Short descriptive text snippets
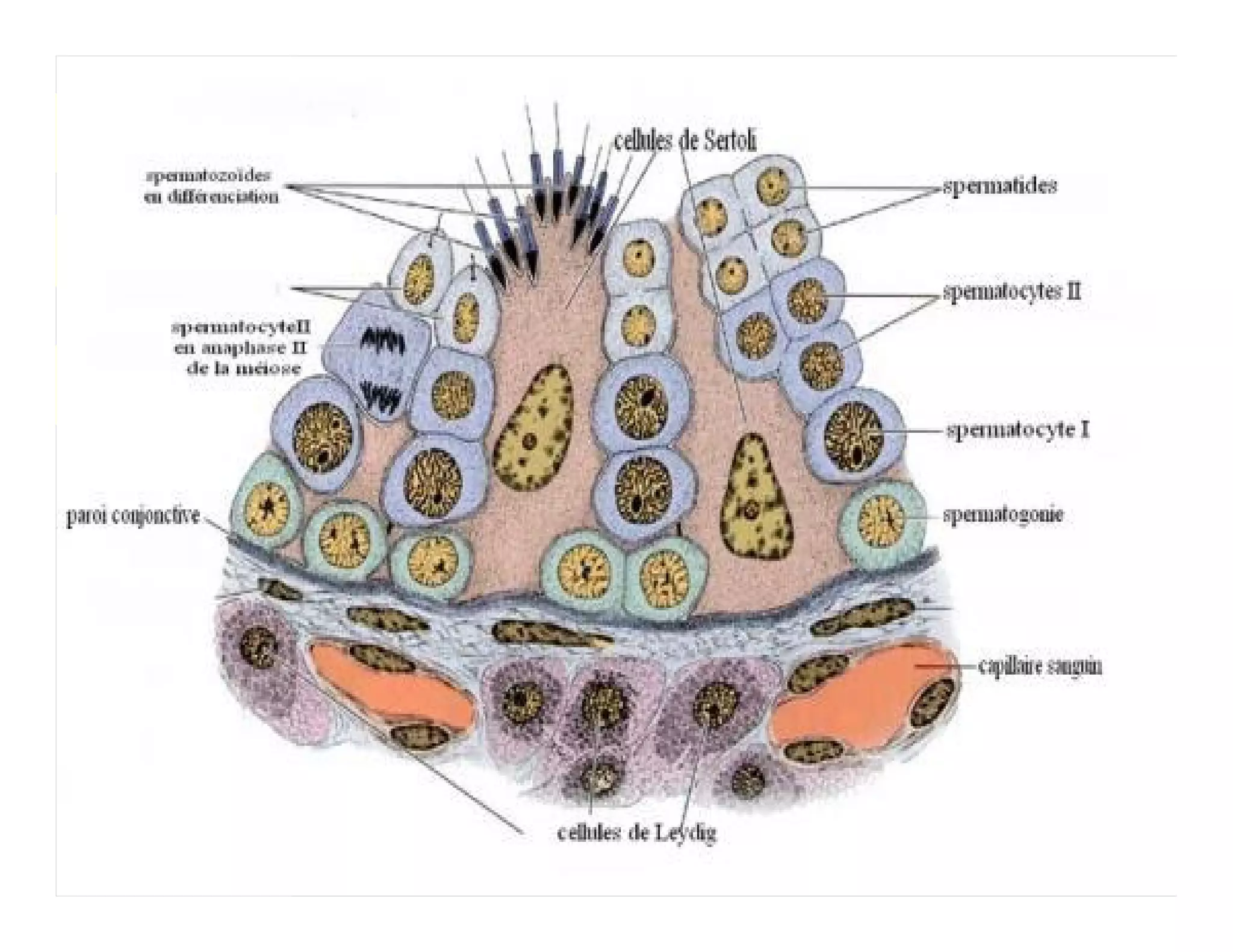 8. KELENJAR KELAMIN
 SK/KD         A. PRIA
   TUJUAN
                  TESTIS : Menghasilkan sel sperma
PEMBELAJARAN                (tubulus seminiferus) dan
                            hormon testosteron (sel
MATERI                     leydig)

               TESTOSTERON :
                 Menumbuhkan sifat sex sekunder
                 Mempengaruhi spermatogenesis
  HOME
                 Sekresi hormon dirangsang dari hipofisa
                 anterior (ICSH)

What you will do:
Copy every entry above exactly as it stands, but leave the pictures out.

Answer below:
 8. KELENJAR KELAMIN
 SK/KD         A. PRIA
   TUJUAN
                  TESTIS : Menghasilkan sel sperma
PEMBELAJARAN                (tubulus seminiferus) dan
                            hormon testosteron (sel
MATERI                     leydig)

               TESTOSTERON :
                 Menumbuhkan sifat sex sekunder
                 Mempengaruhi spermatogenesis
  HOME
                 Sekresi hormon dirangsang dari hipofisa
                 anterior (ICSH)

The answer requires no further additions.